Python tool for analyzing geospatial data in cities.
This repo consists of three components that can be run separately or together:
- https server and UI that allow running the whole analysis process automatically and browsing the result maps from the comfort of your favorite web browser
- import scripts that import a variety of open geospatial datasets for your favorite city
- notebook or export script that
It is recommended to use the UI, if you want to just get a fancy map, but you may run the scripts and notebook manually if you want more control in what is included in your analysis.
- Docker
- Docker-compose
OR
- Python >= 3.8
- Osm2pgsql
- PostGIS accepting connections at localhost:5432
If you wish to run the UI to run analyses with a few clicks, you may start the database and development server locally by typing
docker-compose up dev
Set up the needed username and password as in configuration.
If you wish to run the analysis notebook manually, you will get the database and notebook up by typing
docker-compose up notebook
The https production server can be started by
cp server/flask.subdomain.conf server/swag/nginx/proxy-confs/
docker-compose up serve
Do note that the server requires a domain you must register to get a https certificate. Look at configuration for details.
If you're not running docker, we recommend creating your own conda env, pyenv, or pyenv which contains conda wheels. The last option should make installing all dependencies easier:
pyenv install miniconda3-latest
pyenv local miniconda3-latest
pip install -r requirements.txt
You also need to have PostGIS running. To run the Flask dev server and UI locally, after installing the basic requirements,
cd server
pip install -r requirements-serve.txt
flask run
Or, if you want to use the notebook instead of the UI, start the notebook server by
jupyter notebook
Configuration is by the .env
file or environment variables. You may copy
.env.example to a file called .env
and fill in your secrets.
To use the UI, set the username and password that allows access to the UI by setting
the desired username and password hash in .env
file or the corresponding environment variable.
If you wish to import data from the Flickr API, fill in your
Flickr api key and secret
in a .env
file or the corresponding environment variable. The API key may also be set in
the UI for each import run, but it will not persist to the server environment.
To get https certificates on AWS EC2, you need to add your own domain and subdomain in .env
and your
AWS access credentials in server/swag/dns-conf/route53.ini
. If you use MFA, you have to
create a separate non-MFA-role specific to your EC2 instance and instead add role_arn
and
credential_source=Ec2InstanceMetadata
in route53.ini
just like in AWS Config file. This will allow Swag to automatically
retrieve and update your certificate. If you are running on a provider other than AWS,
read Swag instructions and change DNSPLUGIN value at [docker-compose.yml#L20].

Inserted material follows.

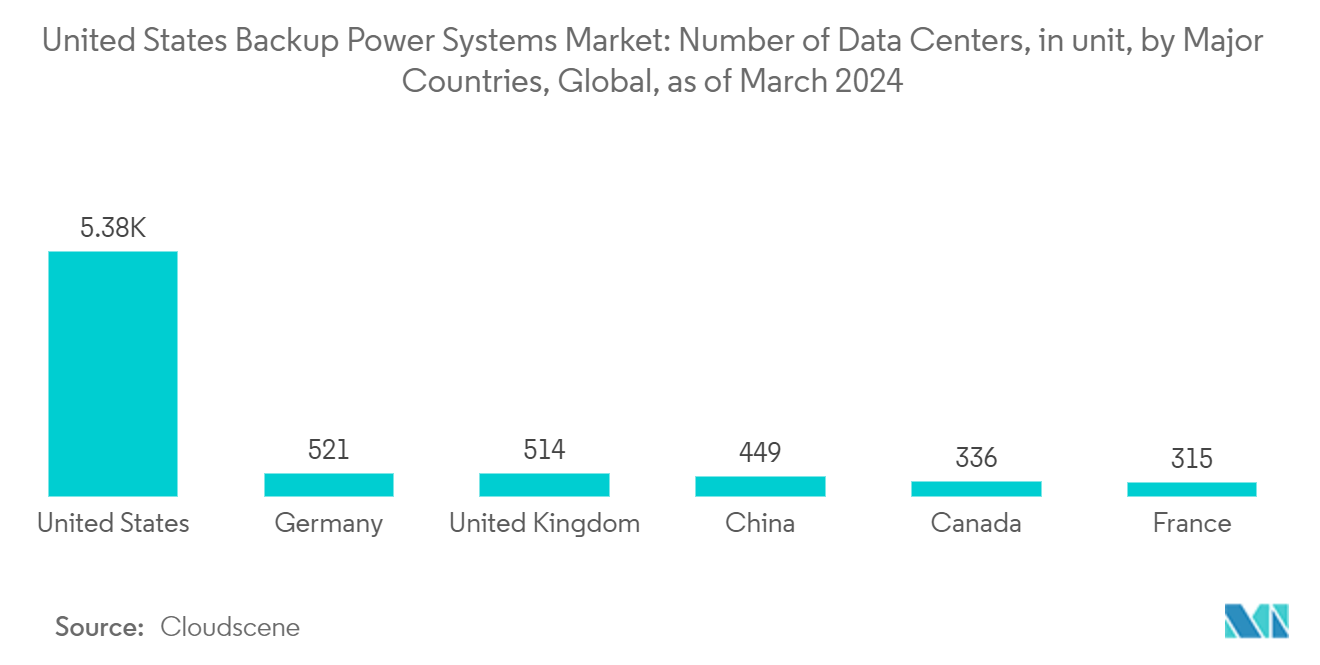 United States Backup Power Systems Market: Number of Data Centers, in unit, by Major Countries, Global, as of March 2024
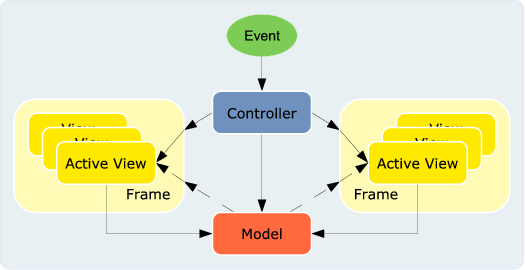 The Model-View-Controller Pattern as it has been adapted for the EODiSP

Please, add your API keys and username/password hash in the configuration first. For development convenience you may set a clear-text password instead if running the dev container. Then, start your local dev server at http://localhost:5000 by
docker-compose up dev # if you are running docker
cd server & flask run # if you are not running docker
or your https server at https://yourdomain.com:443 by
cp server/flask.subdomain.conf server/swag/nginx/proxy-confs/
docker-compose up serve
You may import the city of your choice in the UI by
- selecting the datasets you desire,
- selecting your city from the autocomplete list,
- (optionally) adjusting the bounding box on the map, if the initial bbox doesn't look suitable for you,
- (optionally) adding a GTFS url for your city, if it is not known by the app already,
- clicking "Import Datasets".
The process will take a while depending on how many and which datasets you are importing. Importing small datasets such as Ookla and Kontur data is very fast, while using the Flickr API will be particularly slow and will keep you waiting for a long time.
You may look at how the request is processing by clicking the "View Log" button. Once the run is finished, click "View Results" to see all your datasets and the combination total index values on the hex map. All old import runs are listed under "Result maps".
From the command line, you may do the import by running
docker-compose run notebook ./import.py Helsinki # if you are running docker
./import.py Helsinki # if you are not running docker
or any other city. You may only import some datasets by --datasets parameter, e.g.
./import.py Helsinki --datasets "access gtfs ookla"
.
Do note that cities in bigger countries may be slow to import if the city is not available as a separate OSM extract. In that case, we will have to download the whole country. All other dataset sizes are determined by the size of the city.
If a city you want to import does not have a GTFS feed URL in scripts/import_gtfs.py
GTFS_DATASETS
variable, you may add the right URL manually there (please make a PR too), or
alternatively run the import with the right URL as parameter, e.g.
./import.py Tallinn --gtfs http://www.peatus.ee/gtfs/gtfs.zip
The UI calculates the result map automatically if the import is started by the UI. Once the run is finished, your map is available by clicking "View Results" next to your import run.
You may also run export automatically at the end of import by calling ./import.py
with the --export
parameter, or run the export script after import has finished by
docker-compose run notebook ./export.py # if you are running docker
./export.py # if you are not running docker
On the other hand, you calculate the results manually using the export notebook. The notebook is available at localhost:8888/tree/notebooks/export.ipynb .
Open the notebook to adjust
- the datasets you wish to include
- the column/sum/mean value you wish to use from each dataset
- the weight of each dataset in the result map
You may just run the notebook as-is to get the default index that contains representative columns/statistics from each dataset, with equal weights for each dataset. This is the same setup that the export script uses for calculating the results. The resulting map is displayed in the notebook and saved as a standalone HTML map in server/maps/city_name.html.